++++ Extracted information

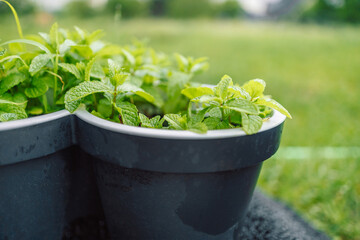 Fresh eco mint herbs in a black pot on a green background in the garden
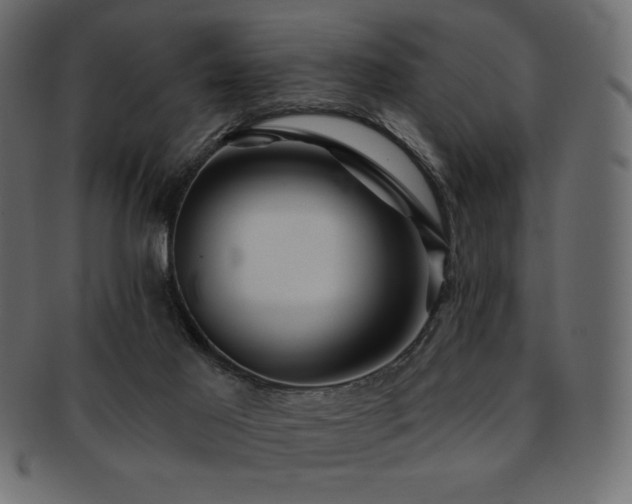 X0000093130021200709261357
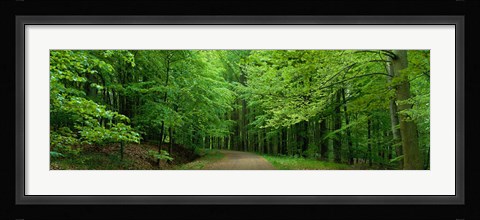 Framed Road Through a Forest near Kassel Germany Print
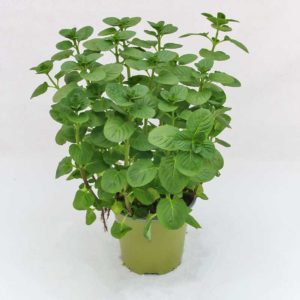 Menta rotundifolia - Pianta in vaso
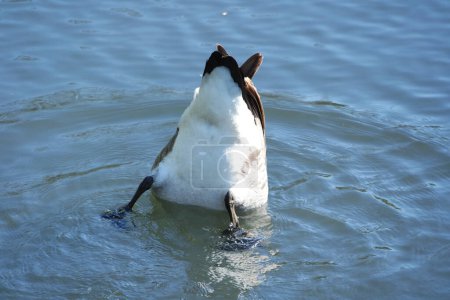Téléchargez les photos : Oiseaux d'eau mignons au lac du parc public de Luton Angleterre Royaume-Uni - en image libre de droit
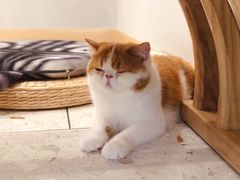 -飞行喵MR PILOT|猫舍·猫咖(静安大融城店)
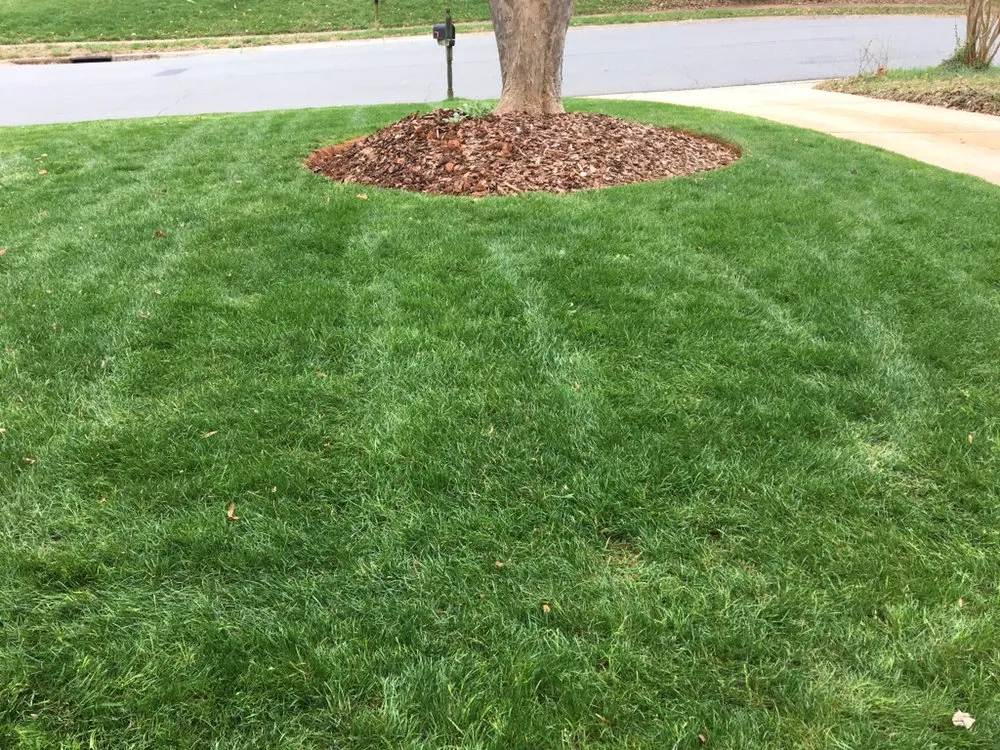 Local garden landscaping experts serving Charlotte, NC - Outing's Landscaping & Property Maintenance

++++++++

A verbatim copy of the material, pictures excluded, is what must be produced.

Answer space:
 Fresh eco mint herbs in a black pot on a green background in the garden
 X0000093130021200709261357
 Framed Road Through a Forest near Kassel Germany Print
 Menta rotundifolia - Pianta in vaso
Téléchargez les photos : Oiseaux d'eau mignons au lac du parc public de Luton Angleterre Royaume-Uni - en image libre de droit
 -飞行喵MR PILOT|猫舍·猫咖(静安大融城店)
 Local garden landscaping experts serving Charlotte, NC - Outing's Landscaping & Property Maintenance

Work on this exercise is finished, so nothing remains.